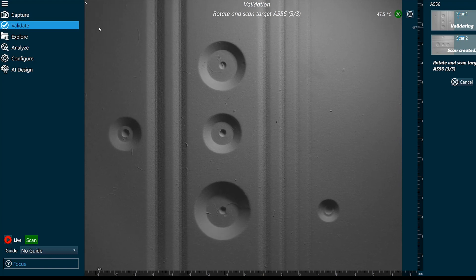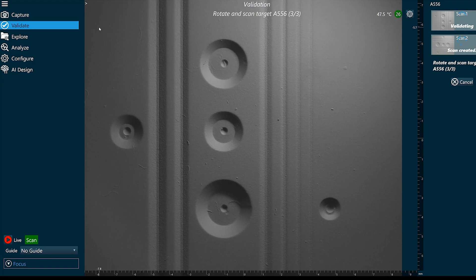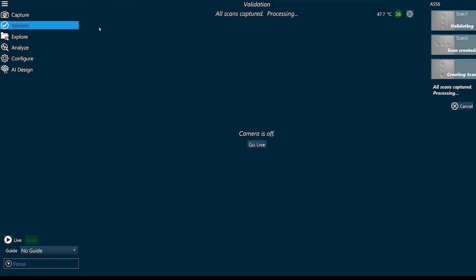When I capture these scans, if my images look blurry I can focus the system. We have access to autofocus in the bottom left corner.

------------------------------

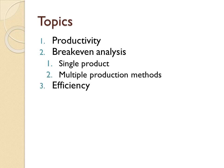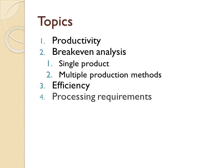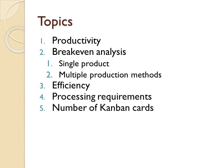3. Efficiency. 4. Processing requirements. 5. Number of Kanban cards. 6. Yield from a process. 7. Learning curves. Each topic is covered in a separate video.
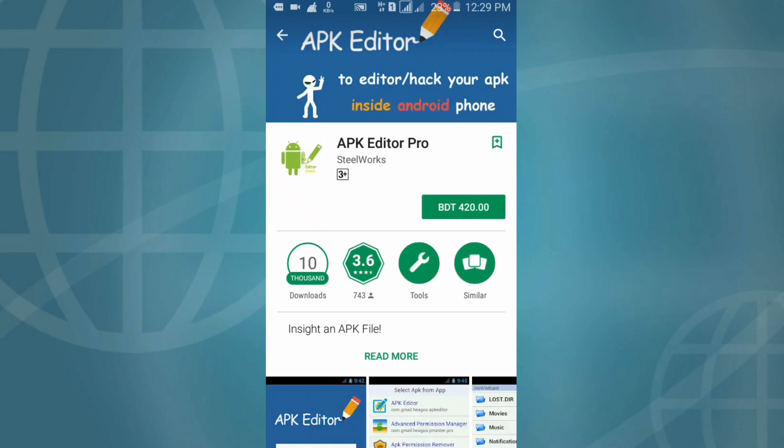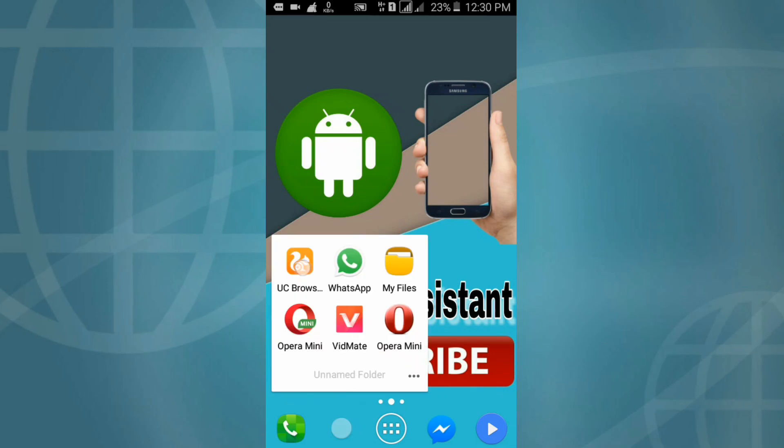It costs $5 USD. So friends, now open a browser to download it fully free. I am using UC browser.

------------------------------

**Your instructions:**
Output should consist of the lines above from the one with "3. Efficiency. 4." down to the one with "It costs $5", exact and without pictures.

**Output of the task:**
3. Efficiency. 4. Processing requirements. 5. Number of Kanban cards. 6. Yield from a process. 7. Learning curves. Each topic is covered in a separate video.
It costs $5 USD. So friends, now open a browser to download it fully free. I am using UC browser.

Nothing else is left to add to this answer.